## WORK INSTRUCTIONS
Return, from the material below, each line in which the word "Party" is present.

## EXERCISE MATERIALS

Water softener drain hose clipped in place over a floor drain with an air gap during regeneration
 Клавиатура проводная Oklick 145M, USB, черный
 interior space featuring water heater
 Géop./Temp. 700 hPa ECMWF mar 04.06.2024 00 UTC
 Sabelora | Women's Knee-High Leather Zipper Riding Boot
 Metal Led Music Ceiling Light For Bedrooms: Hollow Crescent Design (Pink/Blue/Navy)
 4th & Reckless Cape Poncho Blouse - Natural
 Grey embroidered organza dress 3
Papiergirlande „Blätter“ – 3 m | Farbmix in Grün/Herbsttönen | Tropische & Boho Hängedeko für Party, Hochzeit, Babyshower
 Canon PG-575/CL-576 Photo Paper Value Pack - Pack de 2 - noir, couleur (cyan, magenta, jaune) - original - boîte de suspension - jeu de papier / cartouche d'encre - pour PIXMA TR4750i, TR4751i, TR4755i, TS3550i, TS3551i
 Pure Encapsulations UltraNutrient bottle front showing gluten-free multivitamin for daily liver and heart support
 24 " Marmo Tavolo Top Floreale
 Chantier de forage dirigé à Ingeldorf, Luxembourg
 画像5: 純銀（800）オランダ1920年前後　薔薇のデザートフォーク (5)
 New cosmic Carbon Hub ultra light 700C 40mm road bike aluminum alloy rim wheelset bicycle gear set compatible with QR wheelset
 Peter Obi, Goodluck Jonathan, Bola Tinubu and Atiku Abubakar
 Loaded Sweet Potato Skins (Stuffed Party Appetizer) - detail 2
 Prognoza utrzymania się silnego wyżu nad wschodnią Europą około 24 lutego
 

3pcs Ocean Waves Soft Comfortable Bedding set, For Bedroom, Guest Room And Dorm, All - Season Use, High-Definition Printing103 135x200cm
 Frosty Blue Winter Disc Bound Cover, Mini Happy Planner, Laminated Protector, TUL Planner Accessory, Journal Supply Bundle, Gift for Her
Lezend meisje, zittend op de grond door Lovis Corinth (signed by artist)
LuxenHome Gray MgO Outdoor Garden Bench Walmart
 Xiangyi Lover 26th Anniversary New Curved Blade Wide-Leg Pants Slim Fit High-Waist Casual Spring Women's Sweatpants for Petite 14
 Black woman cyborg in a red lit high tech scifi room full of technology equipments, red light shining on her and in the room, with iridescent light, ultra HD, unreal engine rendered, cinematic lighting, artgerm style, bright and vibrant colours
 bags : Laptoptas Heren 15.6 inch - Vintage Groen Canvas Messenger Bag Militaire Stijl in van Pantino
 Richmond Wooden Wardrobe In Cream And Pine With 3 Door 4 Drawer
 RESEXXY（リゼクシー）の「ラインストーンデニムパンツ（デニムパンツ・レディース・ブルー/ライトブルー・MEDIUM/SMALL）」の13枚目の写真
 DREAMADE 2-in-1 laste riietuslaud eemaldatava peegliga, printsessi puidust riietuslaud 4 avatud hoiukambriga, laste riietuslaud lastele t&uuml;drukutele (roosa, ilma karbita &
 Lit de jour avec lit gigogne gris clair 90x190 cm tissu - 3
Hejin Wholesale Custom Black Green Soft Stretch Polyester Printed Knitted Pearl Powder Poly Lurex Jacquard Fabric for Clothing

## EXERCISE SOLUTION
Papiergirlande „Blätter“ – 3 m | Farbmix in Grün/Herbsttönen | Tropische & Boho Hängedeko für Party, Hochzeit, Babyshower
 Loaded Sweet Potato Skins (Stuffed Party Appetizer) - detail 2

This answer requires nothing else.